Other options go with a variable. _line(x) _column(y)
tells Stata to read the variable from line x
and column y of the current observation. If you
do not specify this, Stata will simply proceed from wherever finished reading
the last variable. You can also specify a format such as int,
byte, or str.
Finally you can specify how many characters to read into the variable using
%NumberType where Number
is the number of characters to read and Type
is the type of variable (you'll almost always use f
for numbers or s for strings). This must follow
the variable name, all the other options come before it.
In the following example, the data and dictionary are contained in the same
file:
dictionary
{
_lines(1)
_line(1) _column(1) int age %2f
_line(1) _column(4) float weight %5f
}
12 100.5
13 110.0
15 130.5
All of the formatting information is optional. In many cases, Stata's default
action (read variables from left to right and top to bottom, with spaces or
commas separatng them) works just fine. The dictionary
dictionary
{
age
weight
}
12 100.5
13 110.0
15 130.5
will give the same results as the previous one except that age
will be read as a float, which takes a bit more
memory.
In the following example, the data and dictionary are contained in different
files:
dictionary using data.dat {
name 20s
weight 5f
}
This is just a simple overview of reading formatted data. Refer to the Stata
Reference Manual for a complete discussion of reading formatted data.
Record Length and Dictionaries
Sometimes Stata has trouble reading data that has been written out from other
software. For instance, SPSS writes out data without inserting carriage returns
at the end of each line. Stata is then unable to accurately determine record
length. To solve this problem, you can use the _lrecl(n)

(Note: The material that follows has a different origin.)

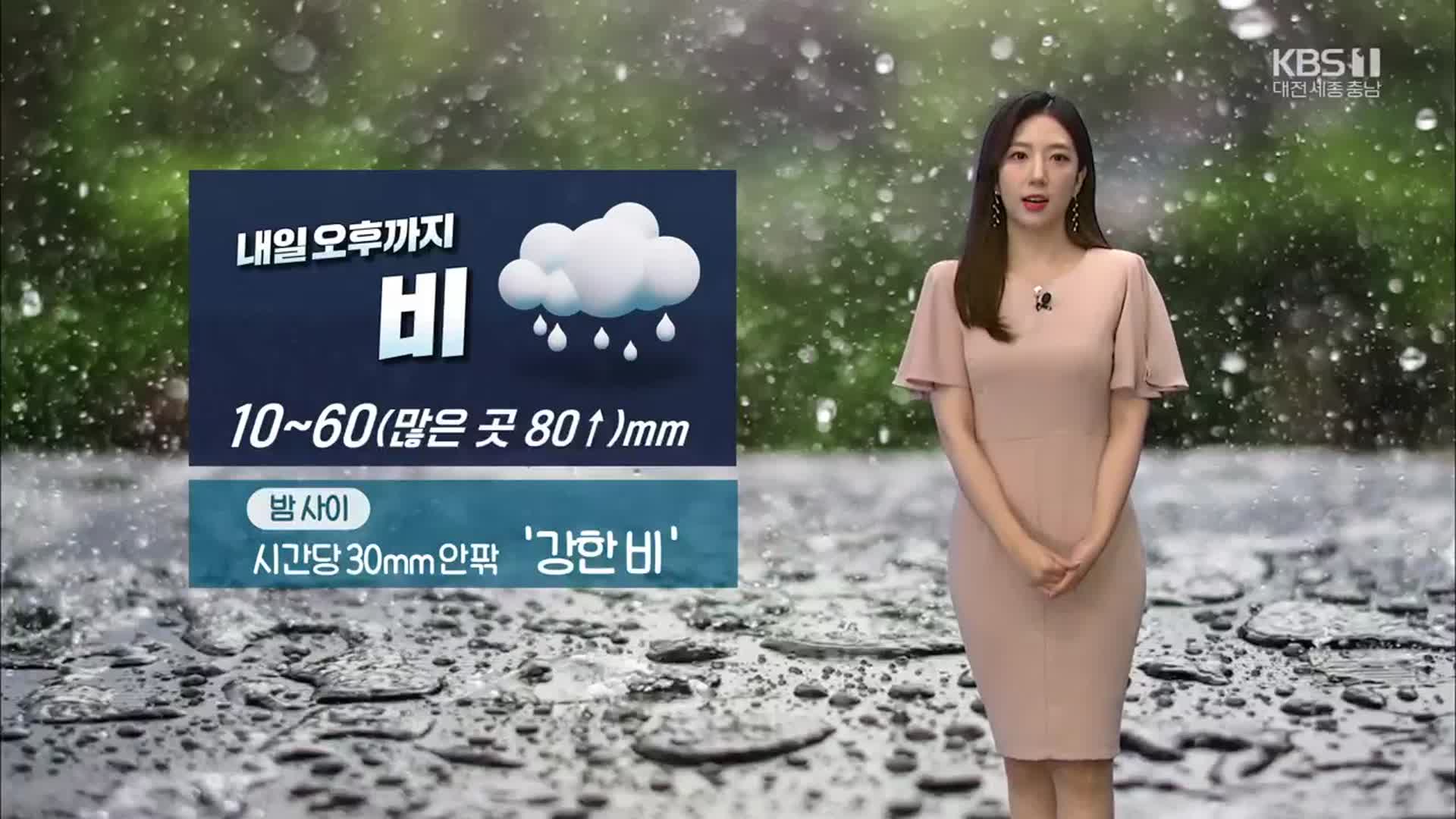 [날씨] 대전·세종·충남 폭염 속 장맛비…내일까지 최고 80mm↑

command within the dictionary. For example,
dictionary using data.dat {
_lrecl(90)
name 20s
weight 5f
}
In this case, the _lrecl(90) command specifies
that the length of each record is 90.
Reading Compressed Data
You can read compressed ASCII data into Stata by writing the data to a named
pipe and then using the named pipe as the filename you specify on the INFILE
command. For example, to read the compressed file, afqt48.dat.Z,
into an interactive Stata session, follow the steps below:
-
From Stata, send the mknod command to the
operating system (by preceding the Stata command with !)
to create a named pipe:
!mknod mypipe.pip p
-
Send the zcat command to the operating
system to write the data to the named pipe in the background:
!zcat afqt48.dat > mypipe.pip &
-
Refer to the named pipe in your INFILE command:
infile wt sed fed ge22 black using mypipe.pip
-
Send a command to the operating system to remove the pipe:
!rm mypipe.pip
This method will not work in Stata programs run in noninteractive mode. Instead,
you must put the two Linux commands in a script. To do this, create a file with
lines similar to the ones below:
#!/bin/sh
fname=$1
rm -f mypipe.pip
mknod mypipe.pip p
zcat $fname > mypipe.pip &
To make the file a script (an executable file), use the chmod
command. For instance, if the above file is called myprog,
type the following at the Linux prompt:
chmod +x myprog
Your Stata .do file then needs to include the
following:
!myprog afqt49.dat.Z >& /dev/null < /dev/null
infile wt sed fed ge22 black using mypipe.pip
!rm mypipe.pip
Stata shells out to myprog, passing it the name
of the file which it wishes to uncompress. The ampersand at the end of the zcat
command in myprog directs Linux to put that process
in the background, allowing myprog to return
immediately to Stata. While the zcat command
uncompresses afqt48.dat.Z and sends the uncompressed
data to the pipe (mypipe.pip) in the background,
Stata's infile command reads the uncompressed
data from that pipe.
This method will allow you to read compressed ASCII data, but you cannot use
a Stata data set without uncompressing it.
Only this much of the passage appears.